C’était un certain 26 septembre 1969. Seulement neuf mois après Yellow Submarine, les Fab Four sortaient Abbey Road, leur onzième album studio. Cette année, l’opus fêtera donc ses cinquante ans. OUI FM profite de la nouvelle année pour revenir sur les plus grands anniversaires à célébrer en 2019. 

Oeuvrer ensemble, une dernière fois ; une phrase qui pourrait faire office d’épitaphe au onzième album studio des Beatles, Abbey Road. Le 26 septembre 2019, nous célèbrerons les cinquante ans de ce que beaucoup ont appelé un « Sergent Pepper volume 2 » (le huitième album des Beatles, considéré comme l’un des plus influents de l’histoire de la musique, ndlr). Un opus qui marqué l’histoire, tant par sa qualité que par ses contours et sa réalisation. Cet anniversaire est l’occasion de revenir sur quelques anecdotes qui entourent l’histoire de cet opus.

  • L’album aurait pu s’appeler Everest

Et tout ça, c’est une histoire de cigarettes. Geoff Emerick, ingénieur du son émérite des Beatles et décédé en octobre dernier fumait cette marque de cigarettes, Everest. Pour faire honneur à celui qui à tout de même gagné quatre Grammy Awards tout au long de sa carrière, « Everest » est un nom qui a été envisagé pour le onzième album studio des Beatles. Mais avec cela, nous n’aurions jamais eu en visu la mythique pochette qui habille les titres d’Abbey Road : l’idée d’une photo des Fab Four au pied de l’Himalaya avait elle aussi été imaginée pour correspondre au nom initial de l’opus.

  • Sur la pochette, Paul McCartney… ne serait pas Paul McCartney

Quatre artistes, huit jambes, un passage piéton. La pochette de l’album Abbey Road est une des plus connues – et reproduites – de l’histoire de la musique. Mais elle a aussi fait naître les pires théories conspirationnistes. Paul McCartney ne serait pas présent sur cette pochette et pire encore, il serait décédé trois ans avant sa sortie. La pochette ne serait qu’une allégorie de sa mort : John Lennon est vêtu de blanc (en référence à l’au-delà, vous l’avez), Ringo Starr est lui en noir, couleur du deuil, et George Harrison pourrait représenter le croque-mort, rappelle Konbini. Besoin d’une ultime preuve ? Paul McCartney sur la photo porte sa cigarette de la main droite alors qu’il est gaucher. Pas de doutes, c’est un sosie.

  • C’est l’une des premières fois qu’est utilisé le synthétiseur Moog dans un album de rock

A l’époque, c’est de la quatrième dimension.
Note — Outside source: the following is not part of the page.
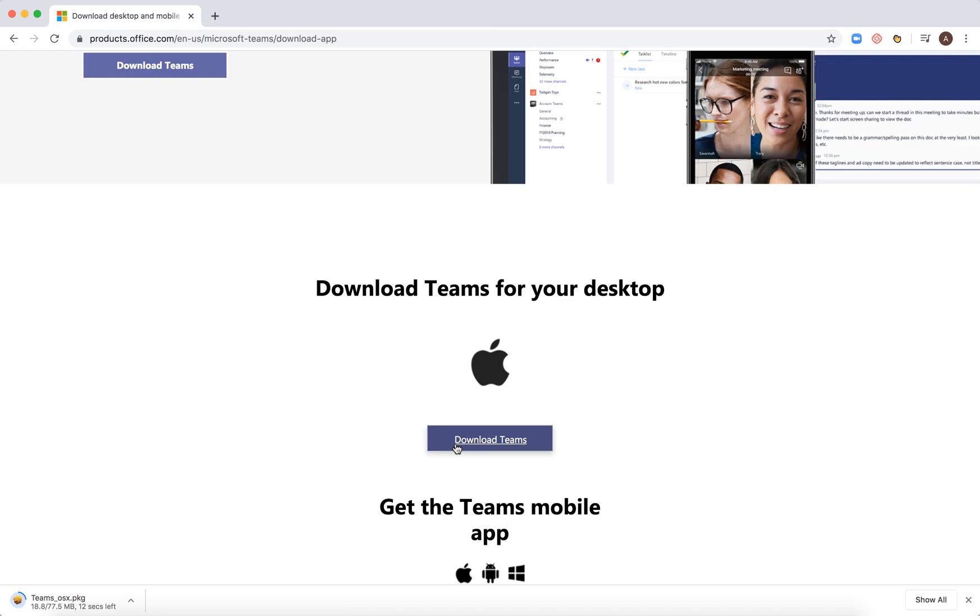So just click download and you should see Microsoft Teams start downloading.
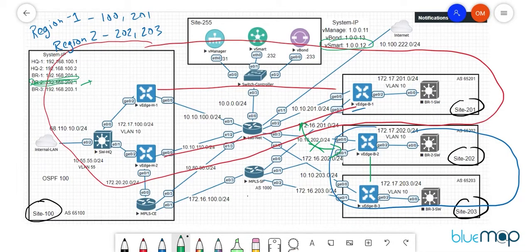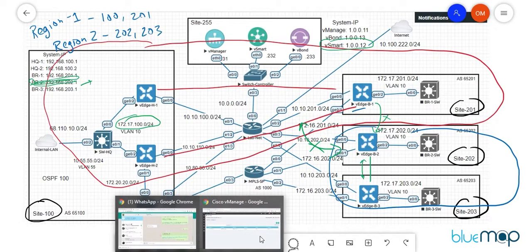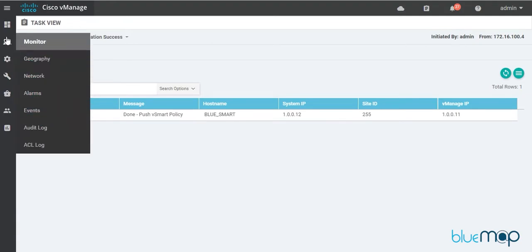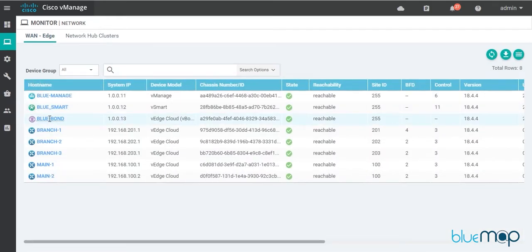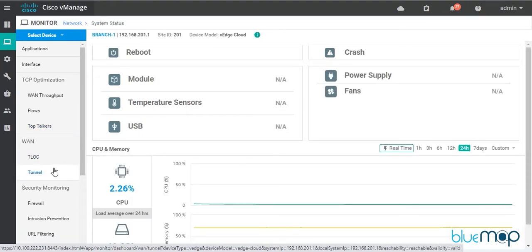To recap the expected behavior after the policy is applied: reaching from B1 to B2 should now be black-holed since they're in different regions, while B2 to B3 communication should still work. The policy has been successfully pushed to the vSmart. Let's go to Monitor, then Network, and check Branch 1 first.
George Harrison se procure pour l’enregistrement d’Abbey Road un synthétiseur Moog – du nom de son créateur, Robert Moog -, un tout nouvel instrument révolutionnaire. On l’entend très nettement dans I Want You (She’s So Heavy), notamment, avec ces bruits qui ressemblent à du vent. Seul problème ? Ses dimensions. Il prendrait autant de place qu’une grosse commode dans votre appartement. L’avantage, c’est qu’on doit tout de même au synthétiseur Moog les origines de la musique électronique, entre autres. Alors ça valait le coup de se casser le dos.
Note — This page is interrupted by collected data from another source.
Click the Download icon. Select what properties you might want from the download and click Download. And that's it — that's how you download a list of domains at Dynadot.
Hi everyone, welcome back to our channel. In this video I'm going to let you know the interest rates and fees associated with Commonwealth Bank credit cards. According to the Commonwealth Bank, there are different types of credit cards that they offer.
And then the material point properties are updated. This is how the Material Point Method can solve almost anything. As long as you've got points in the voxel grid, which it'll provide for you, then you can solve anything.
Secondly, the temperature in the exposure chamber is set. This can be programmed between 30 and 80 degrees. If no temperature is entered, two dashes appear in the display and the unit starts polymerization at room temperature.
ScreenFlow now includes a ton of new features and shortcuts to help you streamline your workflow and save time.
  • L’une des chansons a valu un procès à John Lennon

« Come Together, join the party » n’était rien d’autre, à la base, qu’un slogan de campagne de Timothy Leary, candidat au poste de gouverneur de l’Etat de Californie en 1969 – et par ailleurs fervent partisan des bienfaits thérapeutiques du LSD. John Lennon s’en inspire. En studio, les paroles évoluent drastiquement et plusieurs phrases sont improvisées en cours de route. C’est là que né le passage « here comes old flat-top » (« voici venir un type avec une coupe au carré » in french). Sauf que cette phrase est aussi présente dans le titre de Chuck Berry, You Can’t Catch Me. Vous l’avez ? Plagiat ou pas plagiat ?
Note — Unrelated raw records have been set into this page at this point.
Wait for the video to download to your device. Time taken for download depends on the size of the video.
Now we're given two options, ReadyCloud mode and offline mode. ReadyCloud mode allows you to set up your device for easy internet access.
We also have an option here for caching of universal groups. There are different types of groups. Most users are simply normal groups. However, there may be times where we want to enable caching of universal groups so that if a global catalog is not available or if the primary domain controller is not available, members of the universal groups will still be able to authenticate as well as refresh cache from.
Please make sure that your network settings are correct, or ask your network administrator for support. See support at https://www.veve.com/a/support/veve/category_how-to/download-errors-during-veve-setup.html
  • Les Fab Four se réunissent pour la toute dernière fois en studio sur I Want You (She’s So Heavy)

Pour cet opus, les Beatles étaient quatre en studio quand c’était seulement nécessaire. Et c’est sur I Want You (She’s So Heavy), dernier titre de la face A de l’album, qu’ils l’ont été pour la dernière fois. C’était le 20 août 1969. Au bout de 7 minutes et 44 secondes de la chanson, John Lennon a dit à Geoff Emerick : « tu coupes là ! », arrêtant brutalement son envolée. C’est pour fignoler ce titre que les Beatles se réunissent une ultime fois aux studios EMI de Londres.